**Exercise brief:** Copy each entry below unchanged; the images do not go in the copy.

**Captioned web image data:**
────────

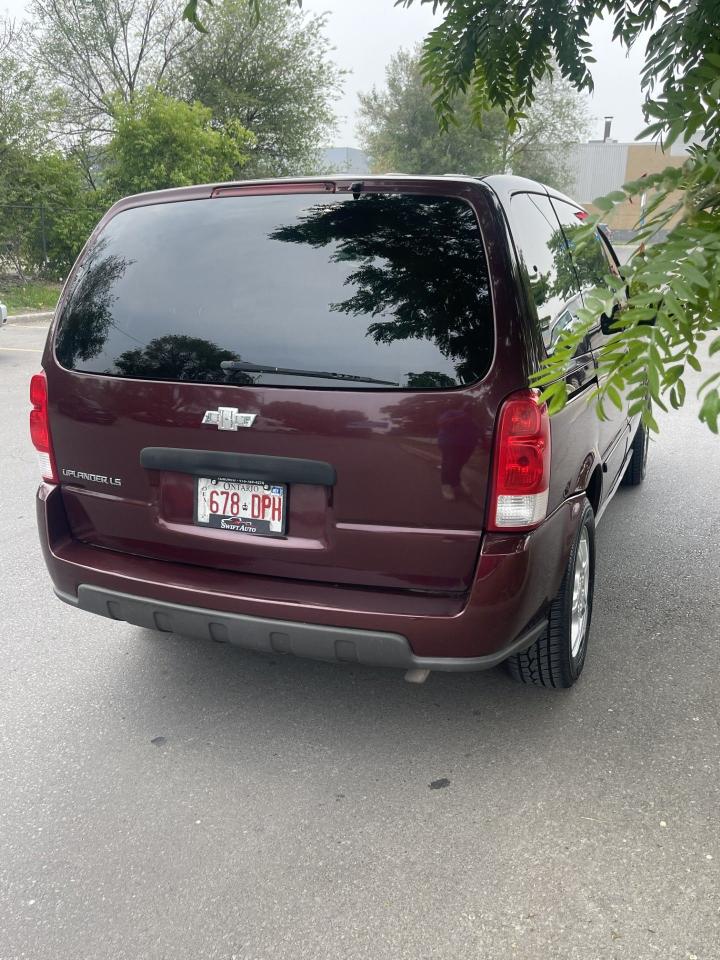 2009 Chevrolet Uplander LS   KROWN RUST PROOFED - Photo #4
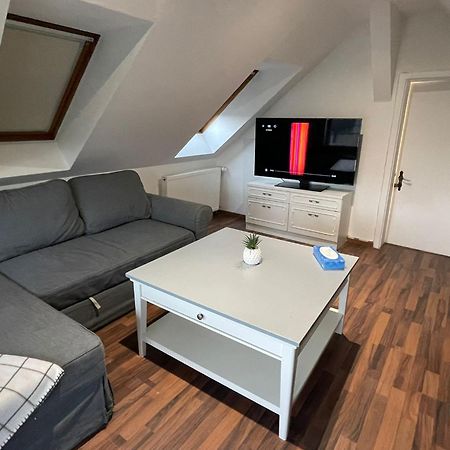 120Qm - 5 Rooms - 2 Bathrooms - Kitchen- Free Parking - Fast Wifi - Yiha Apartment Hannover Eksteriør bilde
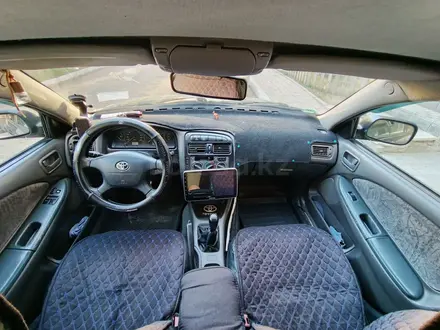 Toyota Avensis 1999 года за 2 800 000 тг. в Астана – фото 2
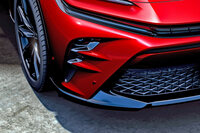 こうしたバンパーの凸部や張り出しは、安全要件に密接に関わるものが多い。人と当たってしまった際、これで人を上にすくい上げてボンネットで受け止めたり、衝撃を抑えたりするのだ。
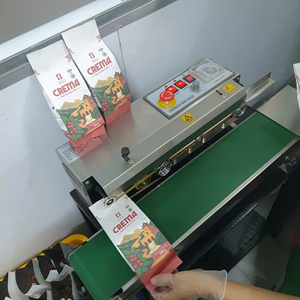 กาแฟเมล็ดคั่วกลาง-เข้ม 1 กก. ขายส่ง ยอดนิยม 70% โรบัสต้า 30% อาราบิก้า รสชาติแบบอิตาเลียนแท้ - Product Image 1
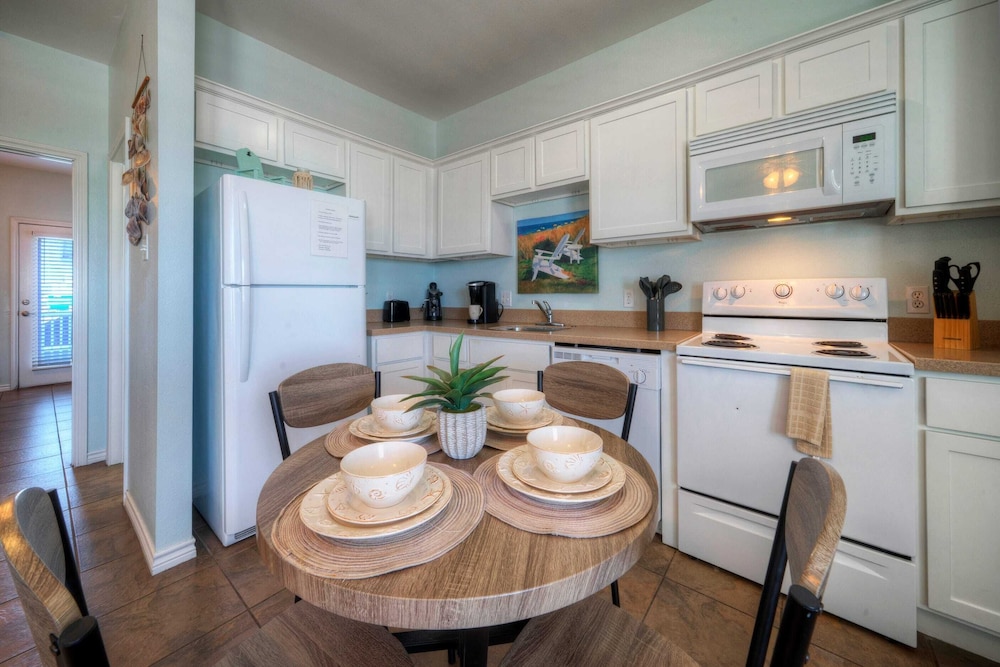 4 Costa Bahia Condos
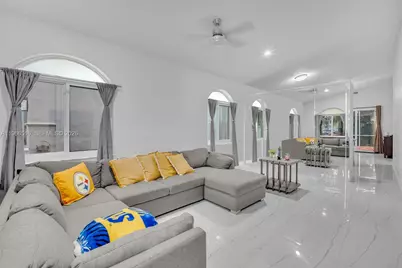 544 NW 159th Ln, Pembroke Pines, FL 33028 - Photo 3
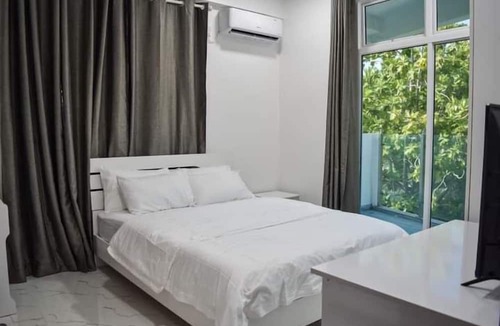Fuvahmulah Hotel | Equator Retreat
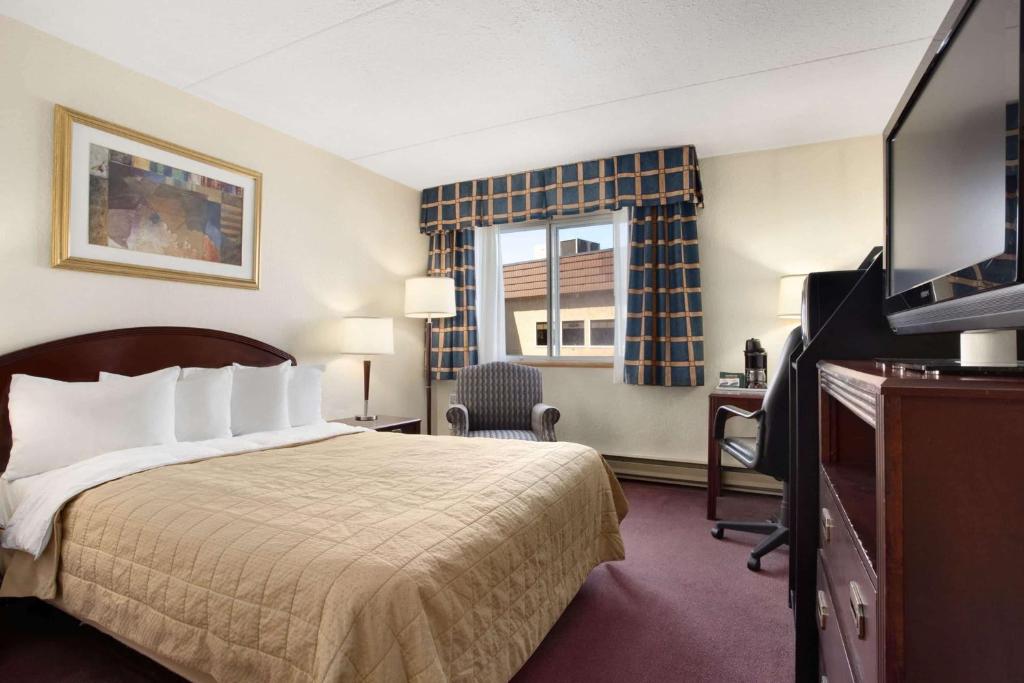 Travelodge by Wyndham Ottawa East photo 2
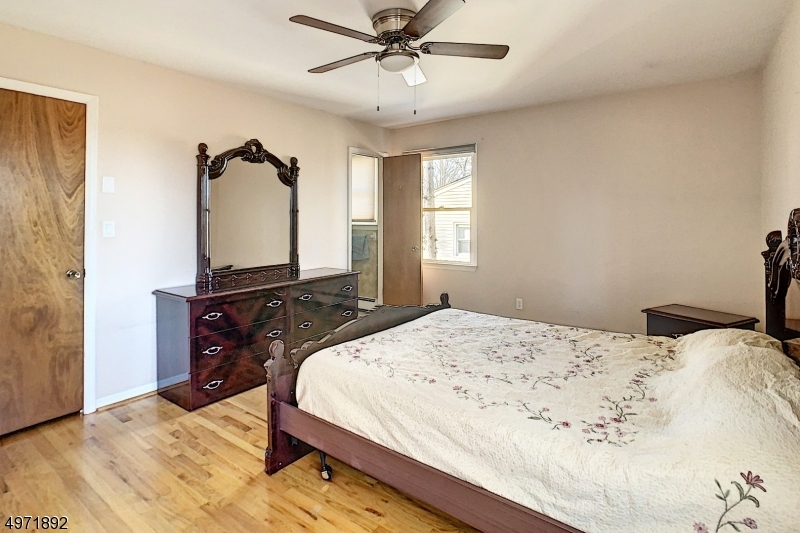 White Meadow Lake - Residential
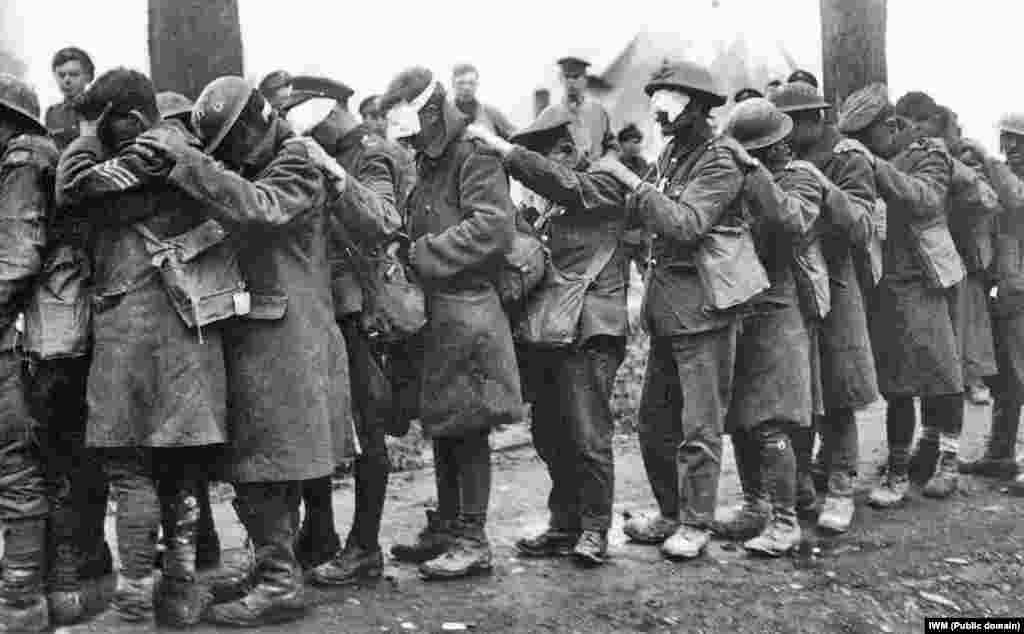 Брытанскія салдаты 55-й дывізіі, асьлепленыя сьлезацечным газам, чакаюць лекаваньня, Фляндрыя, 10 красавіка 1918. 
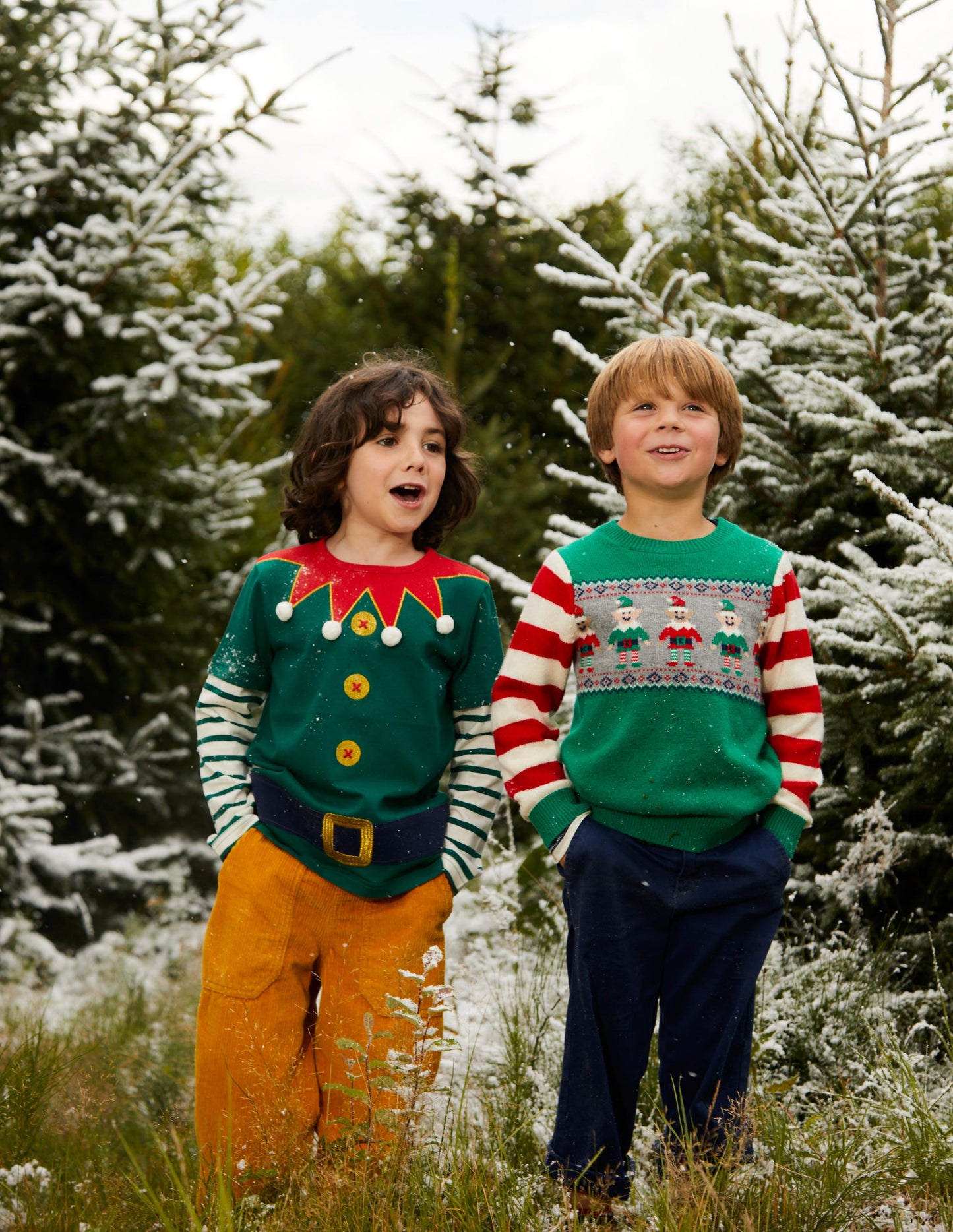 Elf Applique T-shirt-Forest Green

────────

**Task response:**
 2009 Chevrolet Uplander LS   KROWN RUST PROOFED - Photo #4
 120Qm - 5 Rooms - 2 Bathrooms - Kitchen- Free Parking - Fast Wifi - Yiha Apartment Hannover Eksteriør bilde
 Toyota Avensis 1999 года за 2 800 000 тг. в Астана – фото 2
 こうしたバンパーの凸部や張り出しは、安全要件に密接に関わるものが多い。人と当たってしまった際、これで人を上にすくい上げてボンネットで受け止めたり、衝撃を抑えたりするのだ。
 กาแฟเมล็ดคั่วกลาง-เข้ม 1 กก. ขายส่ง ยอดนิยม 70% โรบัสต้า 30% อาราบิก้า รสชาติแบบอิตาเลียนแท้ - Product Image 1
 4 Costa Bahia Condos
 544 NW 159th Ln, Pembroke Pines, FL 33028 - Photo 3
Fuvahmulah Hotel | Equator Retreat
 Travelodge by Wyndham Ottawa East photo 2
 White Meadow Lake - Residential
 Брытанскія салдаты 55-й дывізіі, асьлепленыя сьлезацечным газам, чакаюць лекаваньня, Фляндрыя, 10 красавіка 1918. 
 Elf Applique T-shirt-Forest Green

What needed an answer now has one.